Unveiled on Nov. 18, 2020, the F-14 monument is placed feet away from a prototype of the same famed jet that has greeted museum visitors at Naval Air Station Pensacola for three decades.
The F-14 Tomcat, perhaps the most widely recognized US Navy fighter thanks to its starring role in “Top Gun,” has now its own monument at the National Naval Aviation Museum following the monument unveiling Wednesday.
Unveiled on Nov. 18, 2020, the monument is placed feet away from a prototype of the same famed jet that has greeted museum visitors at Naval Air Station Pensacola for three decades.
“The F-14, quite simply, it embodied American strength,” said Museum Historian Hill Goodspeed Wednesday to a socially-distanced crowd of about 50 people. Advancements during the Cold War in Soviet long range patrol and bomber aircraft dictated a requirement for a fleet defense fighter that could engage high-altitude bombers from well beyond visual range. The iconic F-14 Tomcat was Grumman’s answer. Equipped with long range AIM-54 Phoenix air-to-air missiles, F-14s could engage multiple hostiles over 90 miles away. Needing an interceptor’s high speed while carrying this heavy ordnance, Grumman produced the highly effective variable sweep wing of the F-14, enabling it to operate at a wide range of airspeeds.
Wednesday’s dedication came just a month before the 50th anniversary of the F-14’s first flight, which happened in December 1970. The F-14 made a brief appearance over Vietnam, flying protective patrols for helicopters effecting the final evacuation of American personnel and foreign nationals from Saigon with no opposition from enemy fighters. The F-14 saw its first combat in August 1981, downing two Libyan Su-22 fighters over the Gulf of Sidra. It saw considerable duty in the Gulf War, Iraq and Afghanistan. The last F-14 retired from active service in 2006.
US Navy Cdr. Bert Seither manned the cockpit of the F-14 from the late 1970s until the mid-1980s. As reported by Pensacola News Journal, Seither, who swapped stories with other pilots after Wednesday’s dedication, said the F-14’s attributes were the stuff of legends.
“It had more power than you could handle,” Seither said. “It would go anywhere, it would do anything. It would fly high, it would fly fast. The variable wing let it be a fast airplane, a slow airplane, and it was a big airplane. We called it the flying tennis court.”

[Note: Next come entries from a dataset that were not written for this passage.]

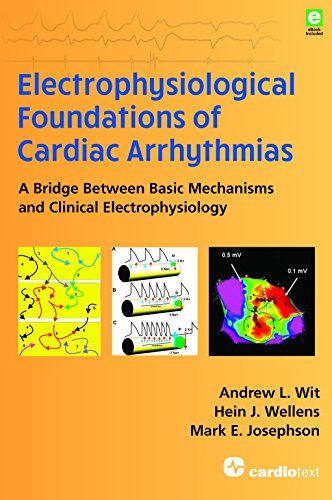 Electrophysiological Foundations of Cardiac Arrhythmias: A Bridge Between Basic Mechanisms and Clinical Electrophysiology (EPUB)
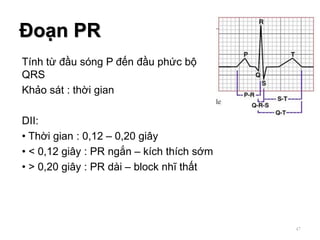 Tính từ đầu sóng P đến đầu phức bộ
QRS
Khảo sát : thời gian
DII:
• Thời gian : 0,12 – 0,20 giây
• < 0,12 giây : PR ngắn – kích thích sớm
• > 0,20 giây : PR dài – block nhĩ thất
Đoạn PR
47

Each laser-etched panel on the monument shows different images of the F-14 in action with brief descriptions of its service. As we have already reported, one of those panels is dedicated to the 68 servicemen who died flying the aircraft.
The F-14 Tomcat Monument Association selected three locations to place the monuments; the first was installed in Virginia Beach, the second in Pensacola on Wednesday and the third is slated to go up in San Diego in the near future.